Sea Surface Height and Current Responses to Synoptic Winter Wind in the Bohai, Yellow, and East China Seas: Two Leading Coastal Trapped Waves

This study investigates the sea surface height (SSH) and current responses to synoptic winter wind in the Bohai, Yellow, and East China Seas (BYES) using a numerical model. The basin‐scale responses are primarily interpreted as two leading coastal trapped waves (CTWs) identified through the complex empirical orthogonal function analysis of SSH. One CTW is a Kelvin wave (KW) explaining 76% of the total SSH variance; the other is a wind‐forced lowest shelf wave (SW1) explaining 17% of the total SSH variance.
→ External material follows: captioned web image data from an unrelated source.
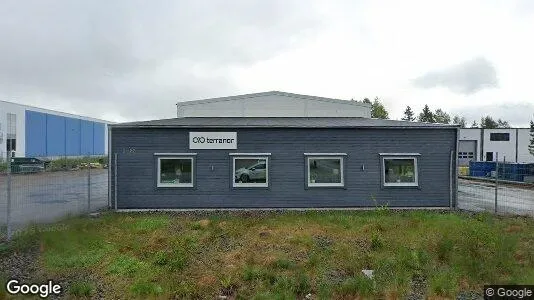 Industrilokaler till försäljning i Ulricehamn - Bild från Google Street View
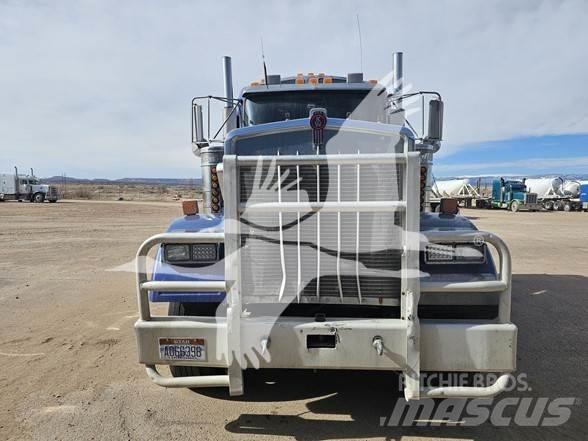 Kenworth W900 Dragbilar
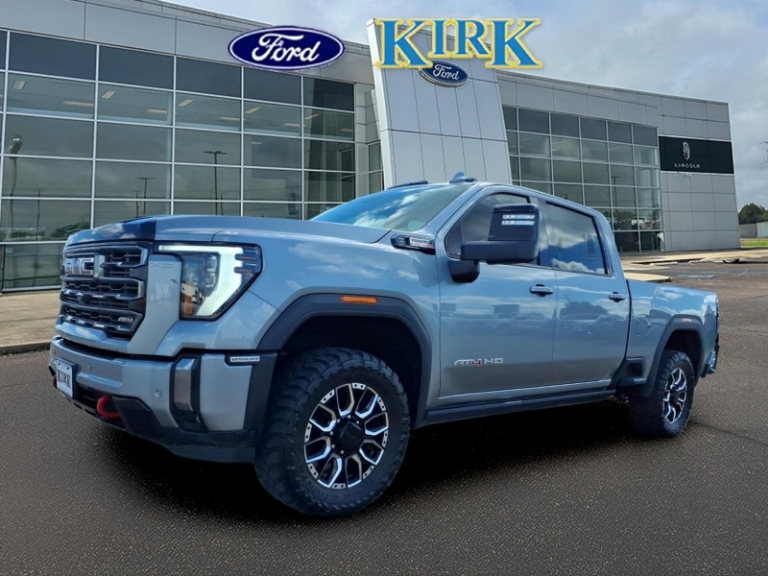 2024 GMC Sierra 2500HD AT4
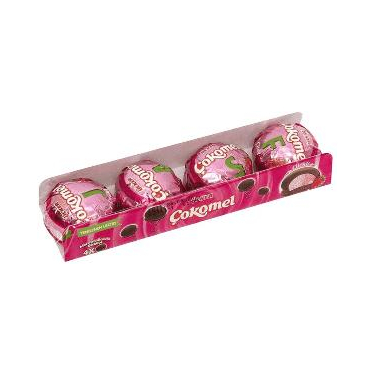 Ülker Çokomel Marshmallow Çilekli 36 gr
The KW dominates the current in the Bohai and Yellow Seas (BYS), and the SW1 dominates the current in the western East China Sea (ECS). The KW is a free relaxation response to large wind‐driven SSH variations and propagates cyclonically in the BYES around one SSH node. The SW1 propagates cyclonically in the semienclosed BYS around two nodes and southward along the western ECS with two nodes on the shelf. The wavelength and e ‐folding scale of amplitude vary spatially, producing regionally distinct features and mechanisms. In the semienclosed BYS, the associated geostrophic current is along the cophase line of SSH, and its magnitude is proportional to both wave amplitude and wavenumber. In the western ECS, the associated geostrophic current is perpendicular to the cophase line of SSH, and its magnitude is proportional to the wave amplitude and inversely proportional to the e ‐folding scale of amplitude. This study reveals not only the basin‐scale SSH and current variations in the BYES but also new features of CTWs in a semienclosed embayment.